2012年8月22日水曜日

国際相続

日本に住んでいたアメリカ人が亡くなった場合,どの国の法律に従って遺産分割をすればよいのでしょうか?

日本に住んでいたアメリカ人が死亡した場合,「相続は,被相続人の本国法による」という法の適用に関する通則法36条によって,アメリカの法律(州法)に従うことになります。
ところが,アメリカは,不動産の相続と動産(その他の財産)の相続を区別して,不動産についてはその所在地法を適用し,動産については被相続人の住所地法(又は本国法)を適用するという「相続分割主義」というのを採用しています。したがって,日本で死亡したアメリカ人が日本に不動産を所有している場合,アメリカの法律によれば,不動産の所在地法である日本法を適用することになります。法の適用に関する通則法41条は「当事者の本国法によるべき場合において,その国の法に従えば日本法によるべきときは,日本法による」と規定しており,このことを国際私法の用語で「反致」といいます。
 ただし,英米法系の諸国においては,相続人への相続財産の移転に関して日本法の「包括承継主義」と異なり「管理清算主義」を採用しています。そのため,遺産の管理清算については,動産,不動産を問わず遺産管理地(所在地)法が適用され,残余財産の分配についてのみ相続分割主義により不動産の所在地法が適用されます。





相続人又は被相続人が日本に住んでいない場合,相続税の課税関係は変わってくるのでしょうか?

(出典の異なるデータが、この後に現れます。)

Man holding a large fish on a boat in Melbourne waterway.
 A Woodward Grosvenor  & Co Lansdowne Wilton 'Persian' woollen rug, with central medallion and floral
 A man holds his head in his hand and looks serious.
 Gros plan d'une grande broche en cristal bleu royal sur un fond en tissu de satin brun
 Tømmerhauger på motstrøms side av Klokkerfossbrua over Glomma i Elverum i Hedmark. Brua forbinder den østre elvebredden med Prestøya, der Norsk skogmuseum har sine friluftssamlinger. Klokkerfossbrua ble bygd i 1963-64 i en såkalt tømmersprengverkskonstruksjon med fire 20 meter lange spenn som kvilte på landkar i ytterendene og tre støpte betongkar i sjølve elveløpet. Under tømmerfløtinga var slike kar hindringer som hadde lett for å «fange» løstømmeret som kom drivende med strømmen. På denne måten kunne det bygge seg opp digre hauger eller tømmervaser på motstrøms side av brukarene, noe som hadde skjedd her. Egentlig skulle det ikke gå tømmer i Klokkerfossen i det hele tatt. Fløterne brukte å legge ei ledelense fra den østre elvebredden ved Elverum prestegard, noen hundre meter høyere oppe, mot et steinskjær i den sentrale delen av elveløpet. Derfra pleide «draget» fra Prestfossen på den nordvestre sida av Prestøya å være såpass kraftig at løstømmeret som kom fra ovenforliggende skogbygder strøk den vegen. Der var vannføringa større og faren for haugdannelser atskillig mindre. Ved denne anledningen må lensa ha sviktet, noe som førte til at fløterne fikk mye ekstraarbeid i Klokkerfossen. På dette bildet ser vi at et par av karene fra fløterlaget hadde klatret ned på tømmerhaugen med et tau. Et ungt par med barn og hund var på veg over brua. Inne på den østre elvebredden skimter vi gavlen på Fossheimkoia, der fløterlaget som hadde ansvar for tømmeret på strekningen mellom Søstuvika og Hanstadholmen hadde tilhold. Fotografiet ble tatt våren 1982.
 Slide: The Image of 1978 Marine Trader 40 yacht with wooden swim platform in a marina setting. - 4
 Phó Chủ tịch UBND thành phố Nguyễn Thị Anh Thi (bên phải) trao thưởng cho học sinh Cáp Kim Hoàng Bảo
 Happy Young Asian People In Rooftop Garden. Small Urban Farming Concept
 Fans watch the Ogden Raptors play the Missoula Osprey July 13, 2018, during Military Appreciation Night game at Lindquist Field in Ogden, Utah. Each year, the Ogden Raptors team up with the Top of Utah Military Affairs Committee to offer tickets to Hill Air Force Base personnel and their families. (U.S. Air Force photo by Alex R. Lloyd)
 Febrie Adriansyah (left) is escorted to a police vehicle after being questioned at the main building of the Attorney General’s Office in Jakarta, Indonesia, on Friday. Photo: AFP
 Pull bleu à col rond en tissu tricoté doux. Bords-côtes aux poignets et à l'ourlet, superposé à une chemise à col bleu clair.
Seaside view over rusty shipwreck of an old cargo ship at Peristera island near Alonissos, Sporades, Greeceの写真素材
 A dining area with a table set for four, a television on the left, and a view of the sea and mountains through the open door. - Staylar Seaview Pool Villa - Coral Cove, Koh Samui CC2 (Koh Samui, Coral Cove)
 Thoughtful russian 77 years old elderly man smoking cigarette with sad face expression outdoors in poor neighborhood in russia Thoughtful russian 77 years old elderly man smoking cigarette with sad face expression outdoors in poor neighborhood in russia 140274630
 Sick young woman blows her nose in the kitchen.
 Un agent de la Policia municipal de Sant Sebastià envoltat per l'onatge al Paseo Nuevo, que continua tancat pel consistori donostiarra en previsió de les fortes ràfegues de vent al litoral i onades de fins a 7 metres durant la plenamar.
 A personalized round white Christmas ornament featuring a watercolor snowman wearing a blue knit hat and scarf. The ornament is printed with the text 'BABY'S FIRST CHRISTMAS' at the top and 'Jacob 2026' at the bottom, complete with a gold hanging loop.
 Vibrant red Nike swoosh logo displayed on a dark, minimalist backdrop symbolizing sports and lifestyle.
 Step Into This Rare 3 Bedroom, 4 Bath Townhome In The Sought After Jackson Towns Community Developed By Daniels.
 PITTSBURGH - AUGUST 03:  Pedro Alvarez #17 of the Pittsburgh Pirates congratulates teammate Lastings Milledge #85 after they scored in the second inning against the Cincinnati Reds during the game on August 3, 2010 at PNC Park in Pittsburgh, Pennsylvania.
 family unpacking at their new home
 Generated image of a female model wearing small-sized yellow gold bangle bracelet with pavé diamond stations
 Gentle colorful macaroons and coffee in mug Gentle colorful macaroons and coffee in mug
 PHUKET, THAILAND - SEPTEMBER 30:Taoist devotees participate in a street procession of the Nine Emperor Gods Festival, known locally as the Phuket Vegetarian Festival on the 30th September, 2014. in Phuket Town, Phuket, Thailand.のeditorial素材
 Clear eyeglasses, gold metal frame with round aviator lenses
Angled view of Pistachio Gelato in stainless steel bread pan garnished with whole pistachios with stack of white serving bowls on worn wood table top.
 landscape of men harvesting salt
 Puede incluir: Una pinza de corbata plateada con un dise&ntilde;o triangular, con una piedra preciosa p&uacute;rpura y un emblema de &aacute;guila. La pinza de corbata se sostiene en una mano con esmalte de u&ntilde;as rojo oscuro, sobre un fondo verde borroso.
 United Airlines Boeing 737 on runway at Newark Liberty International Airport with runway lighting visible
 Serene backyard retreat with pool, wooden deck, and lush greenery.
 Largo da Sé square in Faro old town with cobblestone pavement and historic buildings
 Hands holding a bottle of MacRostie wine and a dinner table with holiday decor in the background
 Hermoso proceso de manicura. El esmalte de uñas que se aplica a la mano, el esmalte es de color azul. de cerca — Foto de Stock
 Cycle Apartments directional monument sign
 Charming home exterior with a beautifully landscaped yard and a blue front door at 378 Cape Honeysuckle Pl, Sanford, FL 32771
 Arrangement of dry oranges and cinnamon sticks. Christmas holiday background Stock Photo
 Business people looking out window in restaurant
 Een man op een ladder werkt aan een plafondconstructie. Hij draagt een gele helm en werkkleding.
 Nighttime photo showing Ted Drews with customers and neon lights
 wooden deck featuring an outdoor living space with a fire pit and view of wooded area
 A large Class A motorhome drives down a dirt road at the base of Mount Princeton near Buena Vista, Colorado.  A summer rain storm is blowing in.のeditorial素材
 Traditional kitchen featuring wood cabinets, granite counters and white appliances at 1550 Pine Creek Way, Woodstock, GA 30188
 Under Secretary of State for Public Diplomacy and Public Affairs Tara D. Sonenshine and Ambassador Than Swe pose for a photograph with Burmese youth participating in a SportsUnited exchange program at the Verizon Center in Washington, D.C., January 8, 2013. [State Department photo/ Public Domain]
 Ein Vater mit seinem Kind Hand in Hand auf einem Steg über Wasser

相続税の納税義務者は,相続又は遺贈により財産を取得した相続人等で,相続人等の居住地や国籍等により,①居住無制限納税義務者,②非居住無制限納税義務者,③制限納税義務者に区分されます。








では,海外に財産がある場合,相続税の対象になるのでしょうか?

納税義務者の区分によって結論が異なってきます。